All was well until it made the obligatory loo stop at a pub which had acquired the passing trade of several coach companies, and thus had a huge car park, in which, as passengers disembarked, queued for the loo, took tea or beer and rejoined their coach, the vehicles would keep moving forward rather than parking in one spot.
It behoved the passenger to memorise the livery and the name of his coach company or he would share the fate of the bewildered woman who was wandering the carpark looking for her chariot of delight.
The Surrey Motors' driver tried to help.
'Which coach are you from, Dear?'
Mother still remembers the despairing wail with which the woman replied
'I know it's green but I don't know if it's a Venture, a Vulcan or a Vulture!'
The poor soul was eventually recaptured by her husband, all cap and beery breath, and hustled away, but it was a lesson to mother that she should keep a weather eye on the transport if she wanted to make a getaway.

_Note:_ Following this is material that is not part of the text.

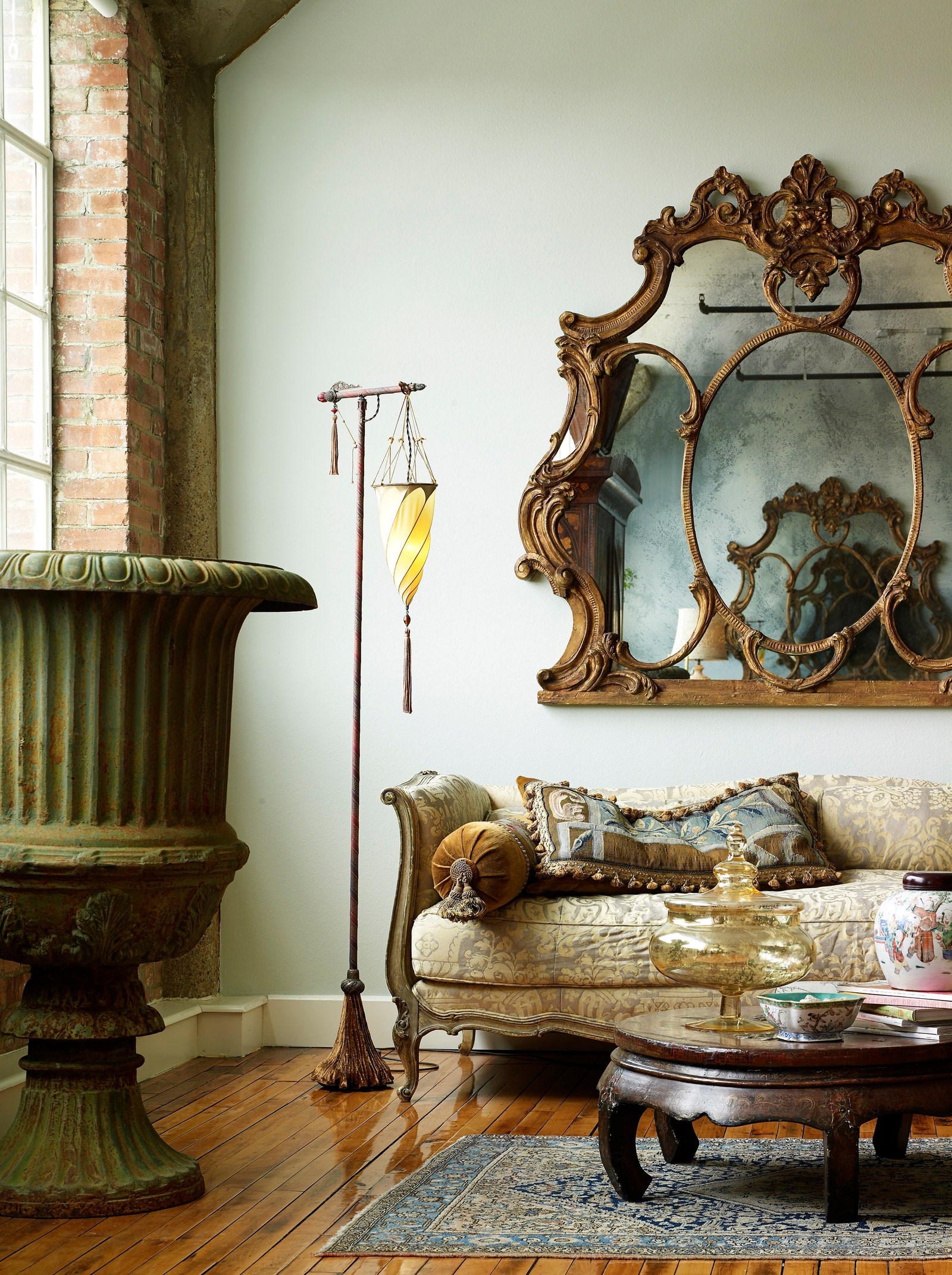 Фрагмент гостиной. Над антиквар­ным диваном — зеркало Ceylon et Cie светильник по дизайну ­Мариано ­Фортуни.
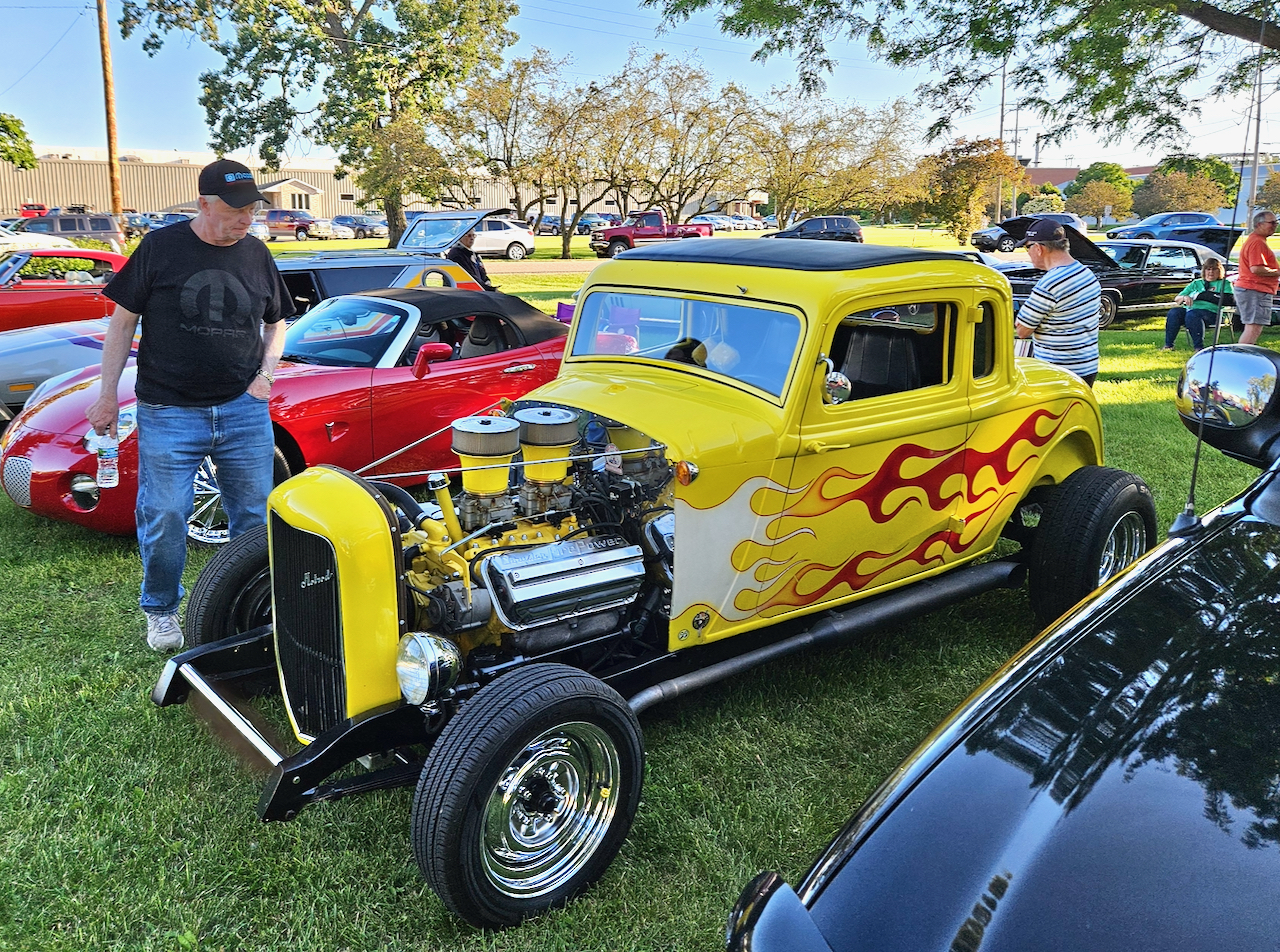 Vintage, restored vehicles fill Fort’s Jones Park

As children, we had much more liberty to travel than the modern child seems to have.
From an early age, at the start of the school holidays I would be taken to Euston Station and put in charge of the guard on the Royal Scot - then a proper fire breathing steam engine - for the journey to Glasgow where an aunt would meet me for the next stage of the journey.
I would be placed in a compartment with other children under the guard's control and off we would go, perfectly safe, escorted to the dining car and back, but otherwise trusted to behave ourselves. And we did. The boy who tried to empty his orange squash bottle through the window while not understanding how air flow worked is the only malefactor that I can remember.
The aunts would be assembled at the gate of the platform at St. Enoch's...the guard would shepherd us up to them and there could be no problems of identity as aunts and children waved, smiled and hugged.

Later, there were Rover tickets on the Green Line buses, to explore the countryside for the day with a packet of sandwiches and a few coppers for a cup of tea. We were independent, without fear and without mobile 'phones. We made it home every evening.

So, as a student, travelling French railways for a week in the summer was a doddle. I could buy a Thomas Cook timetable - at that stage of my life I knew what two crossed hammers signified - and plan my trip in the most economical way, then it was off to Picadilly to the offices of French Railways - SNCF - to buy the ticket. It was my first unwitting step to succombing to the wiles of the great seductress.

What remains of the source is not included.